Exercise requirements: Below are records. Transcribe exactly the lines from the one that contains "Brass & Roe" through the last line, leaving any pictures out.

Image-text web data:
——————————

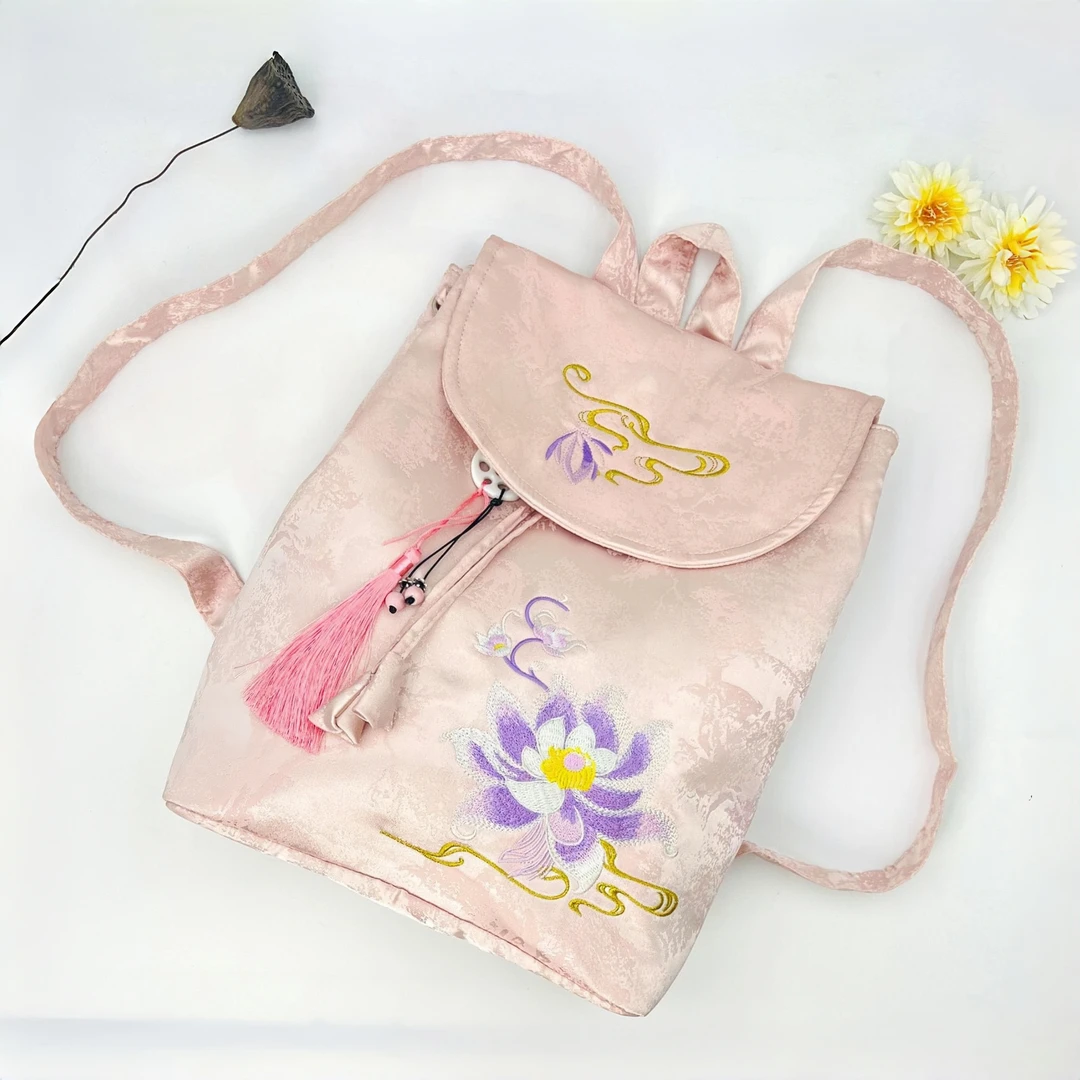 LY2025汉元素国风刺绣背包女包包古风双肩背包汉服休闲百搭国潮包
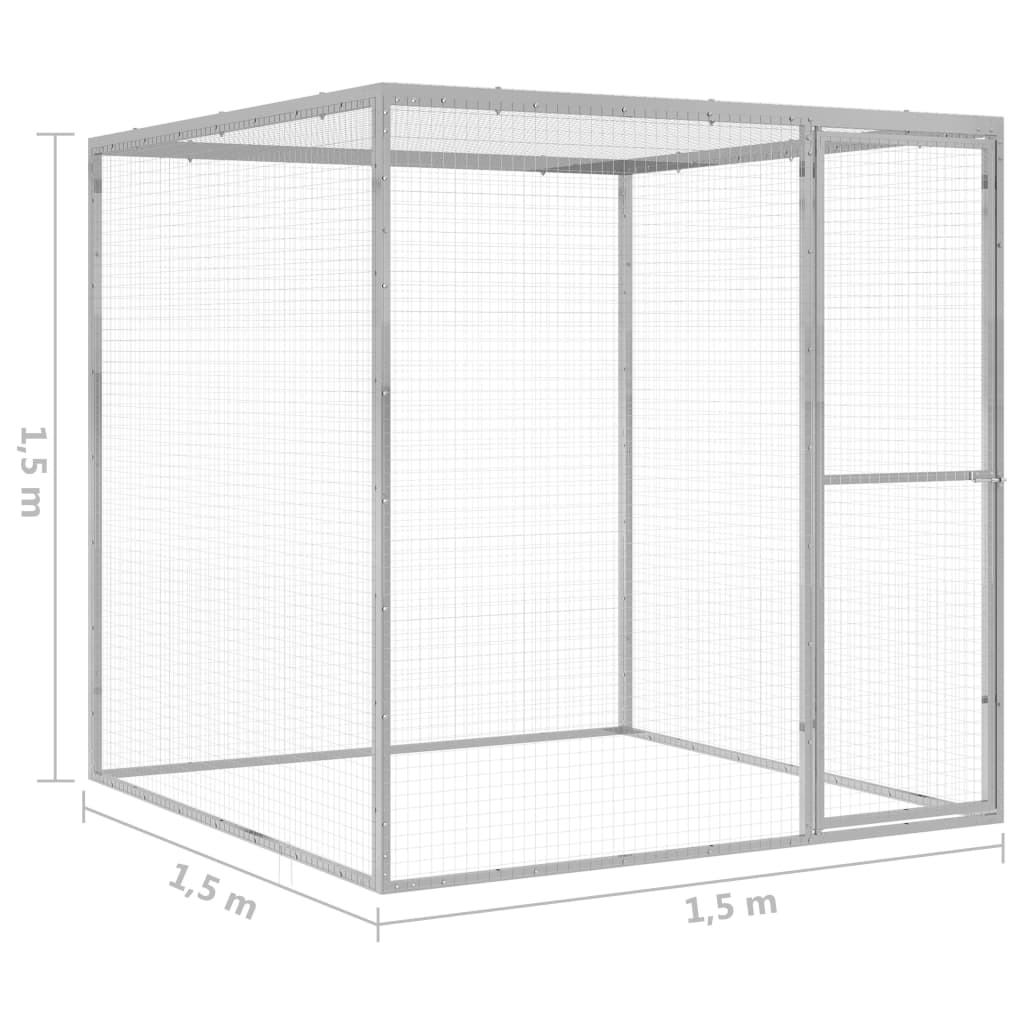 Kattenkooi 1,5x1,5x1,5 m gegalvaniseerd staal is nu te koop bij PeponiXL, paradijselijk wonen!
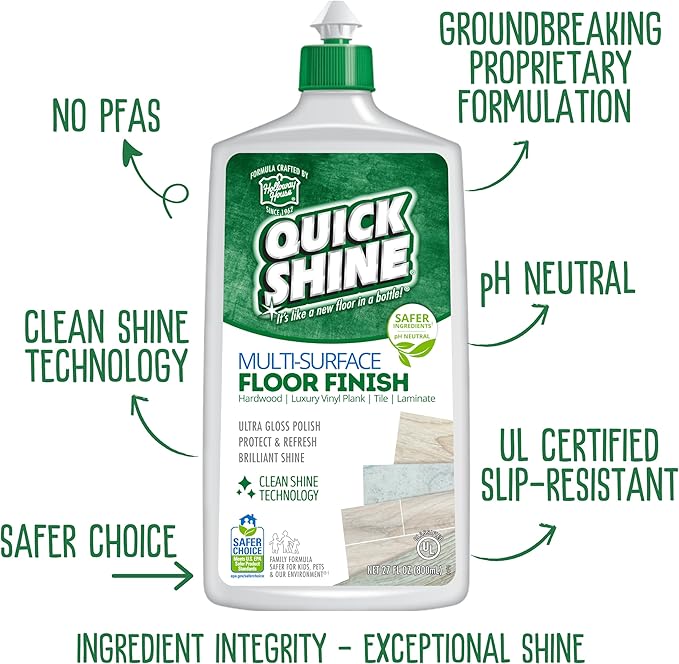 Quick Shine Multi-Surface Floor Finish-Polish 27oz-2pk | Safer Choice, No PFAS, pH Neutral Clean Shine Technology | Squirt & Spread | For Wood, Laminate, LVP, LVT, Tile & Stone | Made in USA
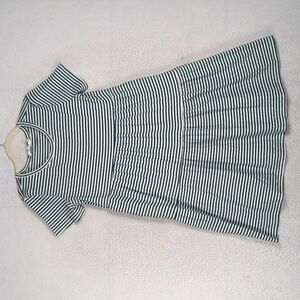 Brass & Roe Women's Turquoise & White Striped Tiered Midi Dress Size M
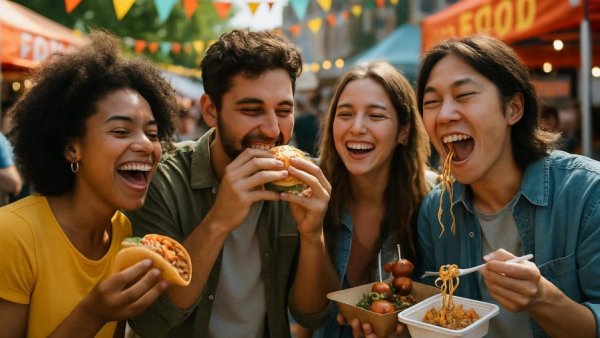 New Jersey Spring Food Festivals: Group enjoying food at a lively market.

——————————

Answer below:
 Brass & Roe Women's Turquoise & White Striped Tiered Midi Dress Size M
 New Jersey Spring Food Festivals: Group enjoying food at a lively market.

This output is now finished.